Adrian Sherwood's love affair with Jamaican music began back in the late '60s when, as a child of 11, he would hang around outside a local West Indian club with a school friend, dancing on the pavement to the ska sounds of Prince Buster emanating from inside the club. It was the start of a lifelong association for the celebrated dub mixer/producer.

Sherwood has spent the last 30+ years producing and/or remixing some of the planet’s most innovative recordings under his own moniker or that of his On-U Sound label, stamping his big, fat, booming sonic trademark on hundreds of releases from African Headcharge and Dub Syndicate to Nine Inch Nails and Primal Scream. So revolutionary is his knob-twiddling that artists have been beating a more or less constant path to his North London home – where, in a home grown recording studio, Sherwood continues to play his mixing desk, bulldozing boundaries between funk, reggae, dub, and good old industrial noise with ease.

At 18 he co-founded a small distribution company, Carib Gems, selling the records shop to shop from the boot of his car. (“There were few outlets for black musicians back then. Even now a black musician has to be three or four times better than a white one to be heard.”) Ever enterprising, he started making records himself; his early dub plates for the likes of Prince Far I, Creation Rebel, and Dub Syndicate won him an invitation to play alongside such politically motivated, righteously angry bands as The Clash and The Slits. Cross-cultural interest heightened the tinderbox climate of the times.

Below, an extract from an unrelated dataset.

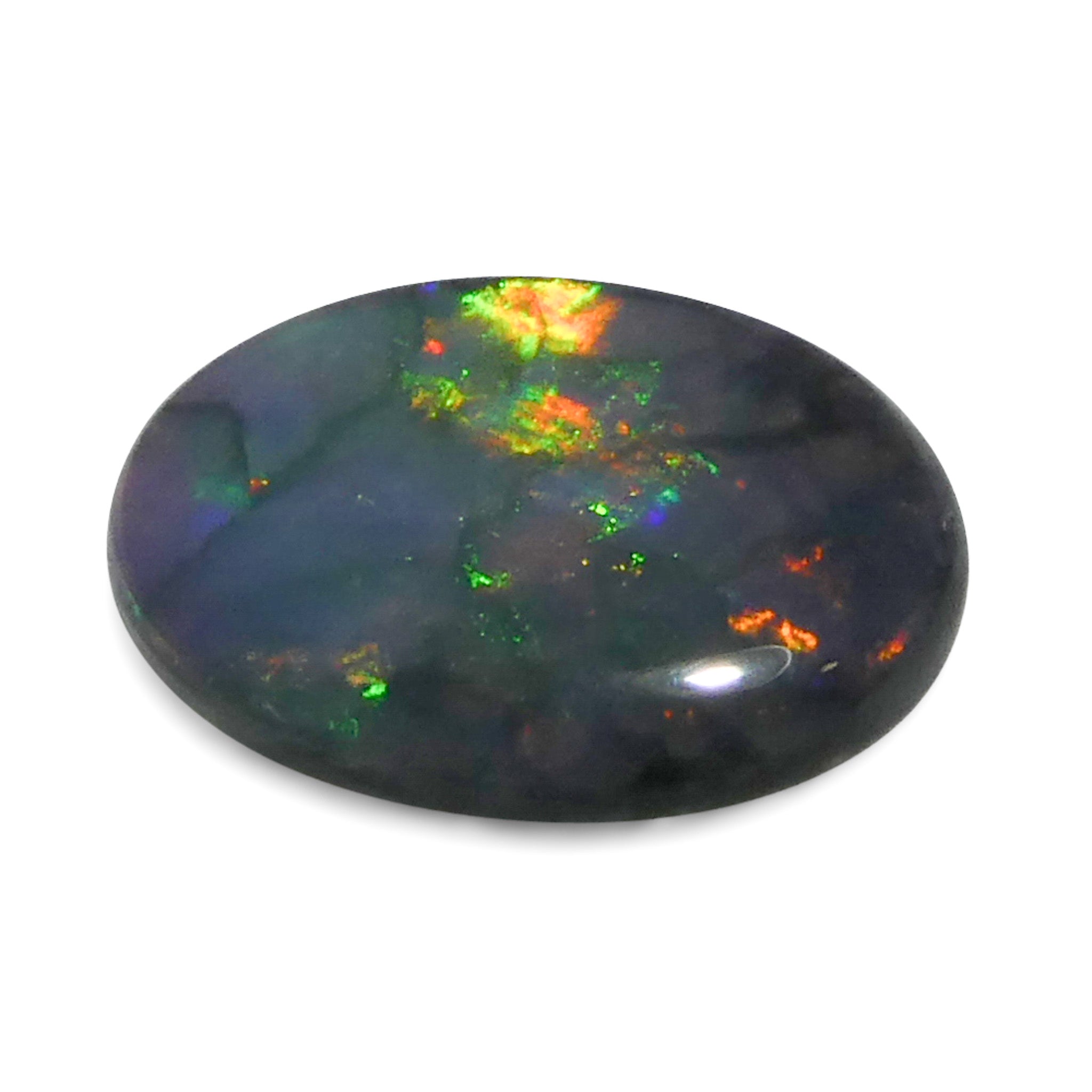 0.59ct Gray Oval Cabochon Opal from Australia, rare gemstone with play of color by SkyJems Canadian gem experts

"The Punky Reggae Party was full on. We thought we could change everything." Adrian Sherwood

In 1980, fired by the collective, optimistic spirit of the Rock Against Racism movement, he formed On-U Records (“It means “onus”, or very important sound”) and its equally ubiquitous touring offshoot, the On-U Sound System. Sherwood joined forces with Pop Group vocalist Mark Stewart and members of The Slits in projects like New Age Steppas, pushing dub and reggae into hitherto unknown territories of new wave and industrial rock. A vast army of reggae, funk, rock, and rap artists – Bim Sherman, Cabaret Voltaire, Tackhead, Lee Perry, Gary Clail (for whom he produced a top ten hit with Human Nature), Keith Le Blanc, and innumerable others – were soon clamouring for Sherwood’s wildly experimental studio techniques.

The legacy of his use of technology, particularly the then-unheard-of use of ambience and delay, is evident to anyone familiar with the history of club music and, it must be said, the work of multi-million selling acts like Moby. Sometimes, he even ran whole tracks in reverse.

The On-U vibe was democratic, leftfield, determinedly non-materialistic, and unashamedly idealistic. With it, Sherwood created a niche. “It gave us an identity among like-minded people,” he offers. “Anything with the On-U tag on it will sell a few thousand copies around the world, to people who know that we’ve been true to our spirit of making things.”